Il entendit la foule se taire en une vague de chuintements sourds et c’est à ce moment qu’il sut qu’il allait enfin sortir de son calvaire. Ce qu’il avait à dire, il l’avait appris par cœur. Depuis presqu’un an, il avait imprimé ces paroles dans son cerveau. Ils les avaient répétées chaque jour comme une prière, comme le plus exquis des poèmes. Combien de fois avait-il imaginé ce dénouement? Dieu seul le savait.

-"J’aimerais porter un toast à la plus belle des femmes, à celle qui m’a rendu le plus heureux du monde." Il prit un moment pour la regarder intensément dans les yeux. Elle souriait de toutes ses dents et il eut un instant de faiblesse. Il reprit son souffle et se souvint d’un vieux truc pour se donner le courage de parler aisément en public : imaginer son interlocuteur dans son entière nudité. Il eut un fou rire gras incontrôlable en la visualisant avec ce chocolat de pacotille dont le souvenir lui revint amèrement en bouche. Cette image lui ramena sa verve aussitôt.

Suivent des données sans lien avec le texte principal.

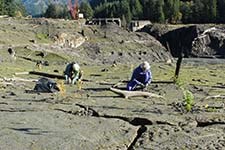 Volunteers plant seedlings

-"Merci mon amour d’avoir fait l’homme que je suis aujourd’hui. Tu ne le sais pas encore, mais ce mariage m’a rendu plus fort, m’a rendu la force que j’avais perdue dans ces nombreux moments de déprime et dans ce spleen qui m’accablait. C’est toi qui m’a fait comprendre qu’il valait mieux vivre la vérité en face, toute nue (il rit intérieurement de la finesse soudaine de son lapsus) et d’affronter mes démons, de me retrousser les manches et d’avancer." Son cœur battait à tout rompre. Il continua :

"Ma bien-aimée…Je fus si lâche et de là venait mon malheur. Lâche de croire en ce vaudeville que tu as si bien orchestré et qui me faisait malgré moi jouer le rôle de ce vulgaire figurant qui voyait au loin cet autre incarner le protagoniste de tes nuits… L’amour m’a rendu aveugle, sourd et muet et aujourd’hui, c’est la vengeance qui me redonne mes sens…Enfin." Il soupira.

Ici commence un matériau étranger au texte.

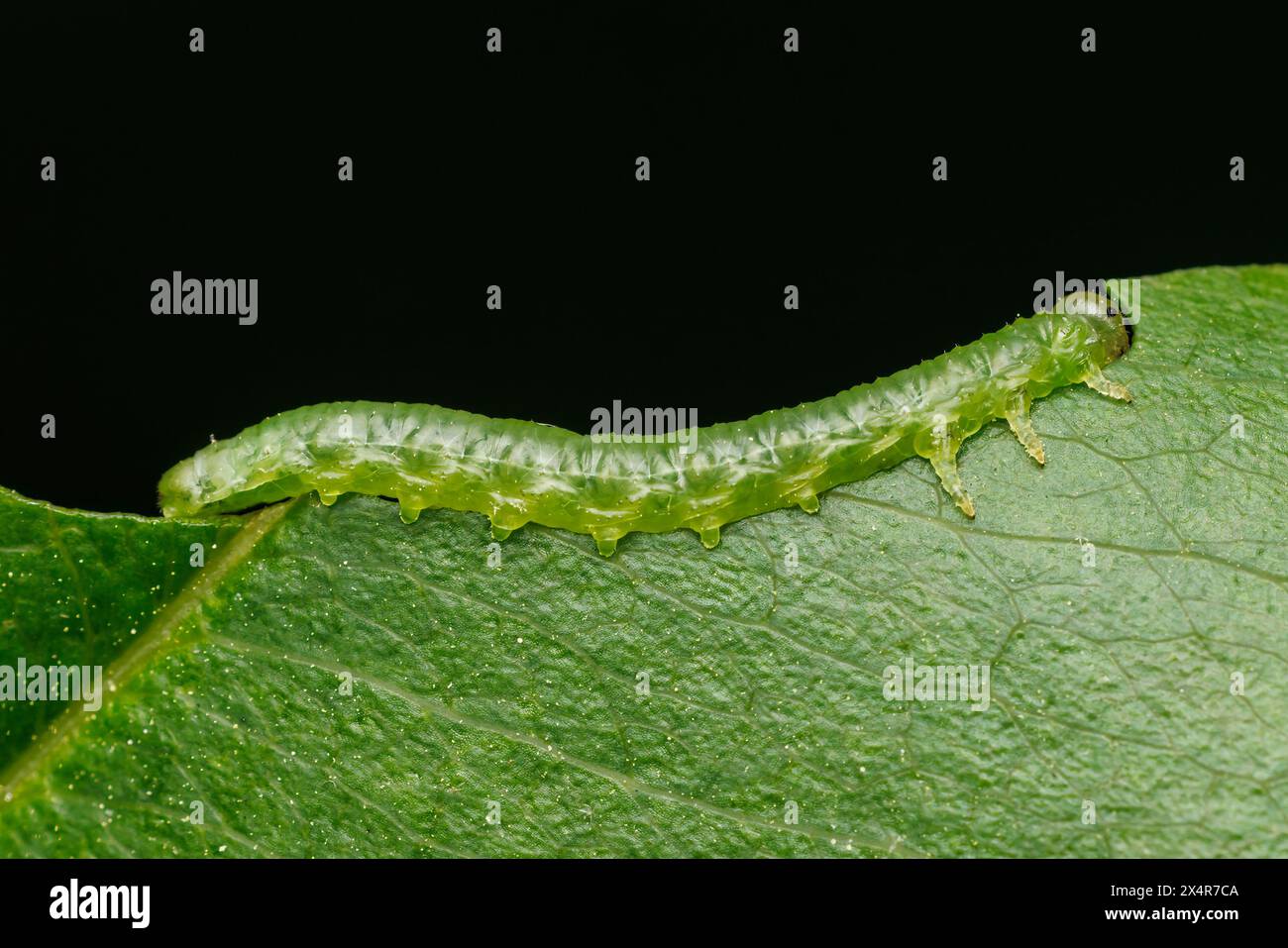 Die Larve der gewöhnlichen Sägeblüge (Tenthredinidae) isst ein Blatt der Schwarzkirsche (Prunus serotina). Stockfoto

Il se retourna vers cette grande bouche bée qu’était devenue la foule.

-"Je vous invite tous à passer une excellente soirée et à vous offrir l’honneur d’ouvrir mon cadeau de noces." Il pointa les enveloppes sur les tables.

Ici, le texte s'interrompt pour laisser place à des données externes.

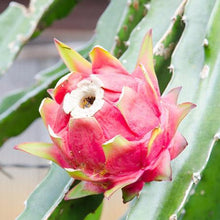 Load image into Gallery viewer, Dragon Fruit Cactus - USDA Organic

Le cillement perçant du micro fit sortir la mariée de sa paralysante torpeur. Elle savait. En s’éloignant, il l’entendit geindre telle une truie qu’on égorge. Jamais il ne s’était senti aussi bien de sa vie.

Déjà, la foule s’horrifiait après avoir ouvert l’enveloppe enrubannée qui contenait une photo très explicite montrant la mariée se faisant chevaucher par le témoin de la cérémonie.